2021 Volume 62 Issue 2 Pages 155-160
The kinetics of phase transformation in the Fe–C system during cooling are of great importance for controlling its microstructure and mechanical properties. However, real-time observation of the phase transformation has been a challenging task because of experimental difficulties. Here, we developed an analytical technique for time-resolved observation of the phase transformation of an Fe–C system during cooling via X-ray absorption spectroscopy with a time resolution of 200 µs. The technique was applied to model specimens: Fe, Fe–0.044C, and Fe–1.24C. The incubation time before phase transformation and the multiple steps of phase transformation from γ-Fe to α-Fe (+ Fe3C) could be clearly observed by the proposed technique, and the behaviors were significantly different among the specimens. Through the developed technique, change in atomic structures at a short-range scale was detected, which is complementary to X-ray diffraction that detects atomic structures only in long-range order. The developed technique can detect structure changes at early stage of phase transformations, where structures changes often begin at a short-range scale, and provide inevitable information on the kinetics.

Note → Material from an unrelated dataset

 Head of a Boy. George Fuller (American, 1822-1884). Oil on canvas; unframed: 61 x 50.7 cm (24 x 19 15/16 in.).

The phase transformation of an Fe–C system during cooling via X-ray absorption spectroscopy (XAFS) with a time resolution of 200 µs. The incubation time before phase transformation and the multiple steps of phase transformation from γ-Fe to α-Fe (+ Fe3C), which largely depend on the carbon composition, could be clearly observed.
Heat and thermomechanical treatments are widely used to control microstructures based on physical metallurgical principles in steels. One of the most important approaches involves the control of phase transformation, such as the one from austenite (γ-Fe) to ferrite (α-Fe) or from austenite to ferrite+Fe3C. As these phase transformations accompany the diffusion of iron and carbon atoms, the final microstructures vary drastically due to the regulation of the speed of phase transformation caused by changing the cooling rate, as typically observed in the formation of martensite or continuous transformation processing.
Thus, time-resolved changes in atomic structures during phase transformation are of great importance in terms of both arriving at a fundamental understanding its mechanism as well as application to industrial processing. X-ray diffraction (XRD) has been widely used for time-resolved investigation of phase transformations in steel because X-rays can be used under air or gas conditions. This is beneficial to the preparation of heating and/or cooling environments. For example, the kinetics of phase transformation in carbon–manganese steel has been investigated via XRD using a synchrotron with a time resolution of 100 ms,1) and the change in dislocation density during phase transformation has been investigated via XRD using an X-ray free-electron laser with a time-resolution of picosecond.2)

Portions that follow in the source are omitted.